A Deep Dive into the Fundamentals of Physics: From Lasers to X-rays

Posted on Jun 26, 2024 in Physics

Q. What is the working principle of a Laser? Write some applications of Laser.

A Laser (Light Amplification by Stimulated Emission of Radiation) operates based on three fundamental processes: stimulated emission, population inversion, and optical resonance.

1. Stimulated Emission: When an electron in an excited state of an atom or molecule drops to a lower energy state, it emits a photon (light particle). If this process is stimulated by an incident photon whose energy matches the energy difference between the excited and lower state, it results in the emission of a second photon with the same energy, phase, and direction as the incident photon. This is the principle of stimulated emission.
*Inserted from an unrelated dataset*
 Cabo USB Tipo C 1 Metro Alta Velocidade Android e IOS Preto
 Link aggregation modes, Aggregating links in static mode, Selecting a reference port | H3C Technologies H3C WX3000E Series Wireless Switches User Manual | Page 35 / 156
2. Population Inversion: For stimulated emission to dominate over absorption, there must be more electrons in the excited state than in the lower energy state. This condition is known as population inversion. Achieving population inversion requires an external energy source, such as electrical current or another light source, to excite electrons.

3. Optical Resonance: The laser medium (a solid, liquid, or gas) is placed between two mirrors that form an optical cavity. One of these mirrors is partially transparent. Photons produced by stimulated emission travel back and forth between the mirrors, stimulating more emission with each pass and amplifying the light. When the light intensity builds up sufficiently, it escapes through the partially transparent mirror as a coherent and collimated laser beam.

Lasers are used in medicine (surgery, dermatology), industry (cutting, welding), communication (optical fibers), scientific research (spectroscopy), military (targeting, weapons), entertainment (light shows), and consumer electronics (barcode scanners, optical drives).

Section A

1. What is Poisson’s ratio? Why is the negative sign usually used in the expression of Poisson’s ratio?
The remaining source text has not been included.